Mais ces concessions n’ont pas réussi à réprimer l’indignation générale face à cette attaque contre un droit démocratique fondamental. Les musulmans, dont beaucoup sont des femmes qui portent le hijab et sont particulièrement visées par la loi, étaient la majorité des manifestants. Mais un nombre considérable de Sikhs vêtus de turban et de juifs portant la kippa se sont joints à eux. Beaucoup d’autres, sans appartenance religieuse apparente, ont également participé.
En plus d’un océan de signes imprimés marqués d’un X rouge par-dessus les mots « projet de loi 21, » il y avait aussi de nombreuses pancartes faites à la main dont certaines disaient : « Libérez-nous des nids-de-poule, pas des femmes voilées » ou « Non à la fausse laïcité. Ma religion, ma liberté. » De nombreux signes étaient en français d’un côté et en anglais de l’autre.
« Je suis ici pour préserver un droit fondamental. Ce n’est pas à la législature de nous dire ce que nous portons ou ce que nous enlevons, » a dénoncé Yous Mohamed, un ingénieur électricien dans une usine d’aéronautique non syndiquée, aux membres de la Ligue communiste qui se sont joints à l’action. « Cela n’a aucun sens. Je fais mon travail comme tout le monde, » a exprimé Radia Rahmani, technicienne de laboratoire dans un hôpital. « Je ne vois pas en quoi mon voile pourrait déranger qui que ce soit. »
Débat entre les travailleurs
Le 3 avril, quelque 200 enseignants, étudiants et membres de la communauté ont organisé une autre manifestation contre le projet de loi.
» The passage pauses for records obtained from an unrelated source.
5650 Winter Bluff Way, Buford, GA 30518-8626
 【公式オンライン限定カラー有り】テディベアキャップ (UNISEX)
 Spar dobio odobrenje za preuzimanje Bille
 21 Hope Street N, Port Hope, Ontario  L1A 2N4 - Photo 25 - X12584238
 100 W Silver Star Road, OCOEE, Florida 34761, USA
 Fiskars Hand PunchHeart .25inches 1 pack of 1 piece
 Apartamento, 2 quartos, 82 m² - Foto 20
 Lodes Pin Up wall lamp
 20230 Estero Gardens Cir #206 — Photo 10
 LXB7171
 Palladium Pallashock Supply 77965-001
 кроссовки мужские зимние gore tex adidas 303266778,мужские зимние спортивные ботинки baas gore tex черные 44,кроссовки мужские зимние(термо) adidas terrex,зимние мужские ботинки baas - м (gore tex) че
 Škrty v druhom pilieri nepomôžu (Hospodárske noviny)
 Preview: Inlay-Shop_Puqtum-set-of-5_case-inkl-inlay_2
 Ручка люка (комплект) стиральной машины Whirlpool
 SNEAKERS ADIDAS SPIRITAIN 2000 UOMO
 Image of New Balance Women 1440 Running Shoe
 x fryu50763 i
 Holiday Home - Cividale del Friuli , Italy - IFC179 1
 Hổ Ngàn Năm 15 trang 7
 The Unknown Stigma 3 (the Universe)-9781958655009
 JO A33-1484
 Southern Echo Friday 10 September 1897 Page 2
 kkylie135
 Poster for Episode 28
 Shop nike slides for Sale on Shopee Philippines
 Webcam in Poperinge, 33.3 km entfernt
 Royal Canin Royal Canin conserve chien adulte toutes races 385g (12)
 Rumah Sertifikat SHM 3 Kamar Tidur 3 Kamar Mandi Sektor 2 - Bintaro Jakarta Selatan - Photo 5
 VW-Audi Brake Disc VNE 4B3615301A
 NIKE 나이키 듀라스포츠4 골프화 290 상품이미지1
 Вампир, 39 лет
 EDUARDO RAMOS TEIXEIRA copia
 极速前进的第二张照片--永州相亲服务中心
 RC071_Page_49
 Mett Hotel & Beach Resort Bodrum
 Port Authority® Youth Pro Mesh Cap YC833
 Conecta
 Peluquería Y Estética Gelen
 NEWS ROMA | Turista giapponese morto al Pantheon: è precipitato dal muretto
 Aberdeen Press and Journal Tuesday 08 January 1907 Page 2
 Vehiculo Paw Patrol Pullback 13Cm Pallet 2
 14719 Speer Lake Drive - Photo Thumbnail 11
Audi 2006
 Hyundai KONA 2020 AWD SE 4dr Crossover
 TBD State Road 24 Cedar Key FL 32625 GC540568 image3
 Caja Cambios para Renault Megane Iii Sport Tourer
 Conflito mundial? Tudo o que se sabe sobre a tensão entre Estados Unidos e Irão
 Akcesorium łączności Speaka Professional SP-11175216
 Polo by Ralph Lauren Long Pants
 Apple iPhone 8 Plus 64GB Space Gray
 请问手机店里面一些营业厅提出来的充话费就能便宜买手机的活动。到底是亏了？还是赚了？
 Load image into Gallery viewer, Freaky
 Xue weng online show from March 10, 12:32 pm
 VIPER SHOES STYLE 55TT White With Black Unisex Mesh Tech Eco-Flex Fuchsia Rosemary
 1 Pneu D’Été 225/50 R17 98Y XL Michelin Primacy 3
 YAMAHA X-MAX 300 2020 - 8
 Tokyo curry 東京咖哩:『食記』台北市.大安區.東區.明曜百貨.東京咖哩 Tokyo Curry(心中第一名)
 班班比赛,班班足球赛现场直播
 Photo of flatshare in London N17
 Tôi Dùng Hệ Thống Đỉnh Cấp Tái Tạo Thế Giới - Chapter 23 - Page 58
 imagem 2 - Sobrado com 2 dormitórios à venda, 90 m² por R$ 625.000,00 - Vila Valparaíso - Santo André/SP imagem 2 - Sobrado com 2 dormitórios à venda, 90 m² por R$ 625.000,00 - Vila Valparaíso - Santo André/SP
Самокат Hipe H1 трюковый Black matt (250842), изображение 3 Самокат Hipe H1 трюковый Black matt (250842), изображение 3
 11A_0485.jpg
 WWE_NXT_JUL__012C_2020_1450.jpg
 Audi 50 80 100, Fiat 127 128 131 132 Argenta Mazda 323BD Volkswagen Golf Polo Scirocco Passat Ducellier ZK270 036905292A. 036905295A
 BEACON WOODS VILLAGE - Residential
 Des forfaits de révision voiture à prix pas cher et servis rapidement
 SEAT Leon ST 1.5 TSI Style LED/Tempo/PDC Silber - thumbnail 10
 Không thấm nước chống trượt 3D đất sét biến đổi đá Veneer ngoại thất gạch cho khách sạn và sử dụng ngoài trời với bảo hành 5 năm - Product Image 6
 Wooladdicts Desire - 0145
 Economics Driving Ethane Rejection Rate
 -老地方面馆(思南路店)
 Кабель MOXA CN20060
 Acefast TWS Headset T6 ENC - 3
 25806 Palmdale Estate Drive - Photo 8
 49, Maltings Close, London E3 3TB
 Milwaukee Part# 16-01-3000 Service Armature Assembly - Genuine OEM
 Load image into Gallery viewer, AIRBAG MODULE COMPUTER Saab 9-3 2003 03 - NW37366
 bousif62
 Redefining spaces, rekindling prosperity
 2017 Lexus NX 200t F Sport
Une chaîne humaine a été formée à l’extérieur des portes de l’école secondaire Westmount High, obligeant l’administration à retarder de près d’une heure le début de la journée scolaire. « Aucun Québécois ne devrait avoir à choisir entre sa carrière et sa foi!!! » disait une des pancartes bien en vue.
Au moins deux commissions scolaires montréalaises ont déclaré qu’elles refuseront d’appliquer la loi et l’association municipale qui regroupe 14 banlieues de Montréal exige que la loi ne s’applique pas à ses travailleurs. Parmi les autres opposants à la loi, on retrouve la Fédération des femmes du Québec, le Conseil du travail de Montréal de la Fédération des travailleurs et travailleuses du Québec et la mairesse de Montréal Valérie Plante.
Le premier ministre François Legault soutient que la loi 21 reflète ce que « veulent la grande majorité des Québécois. » La Coalition pour l’avenir du Québec justifie la loi avec des arguments relatifs au « caractère distinct du Québec, » avec des sous-entendus qui ciblent le nombre croissant de musulmans et d’autres immigrants au sein de la classe ouvrière de la province. Elle s’inspire de la campagne réactionnaire antérieure menée par le Parti québécois (PQ) lorsqu’il était au pouvoir et faisait la promotion de la « Charte des valeurs québécoises, » une politique anti-immigrante. Celle-ci a été l’une des causes de la défaite du PQ lors des élections de 2014.
Lors de porte-à-porte pour présenter la Ligue communiste et ses activités, les membres de la Ligue ont soulevé la nécessité de lutter contre cette mesure réactionnaire avec des travailleurs dans toute la province. Les travailleurs sont divisés sur la question.
À Farnham, le 10 avril, le chauffeur de camion à la retraite Michel Plouffe a souligné à ce travailleur-correspondant qu’il croyait que le projet de loi était nécessaire pour maintenir la séparation entre l’État et la religion. « Pratiquer votre religion à la maison, pas dans la rue, » a-t-il affirmé.
À Trois-Rivières, une heure et demie au nord-est de Montréal, l’enseignante Elisabeth Lenormand n’était pas d’accord. La loi « pénaliserait des femmes qui ont acquis un certain degré d’autonomie grâce à leur travail et elle pénaliserait les immigrants, » a-t-elle dit au Militant le 30 mars.
Katy LeRougetel et Marie-Claire David ont contribué à cet article.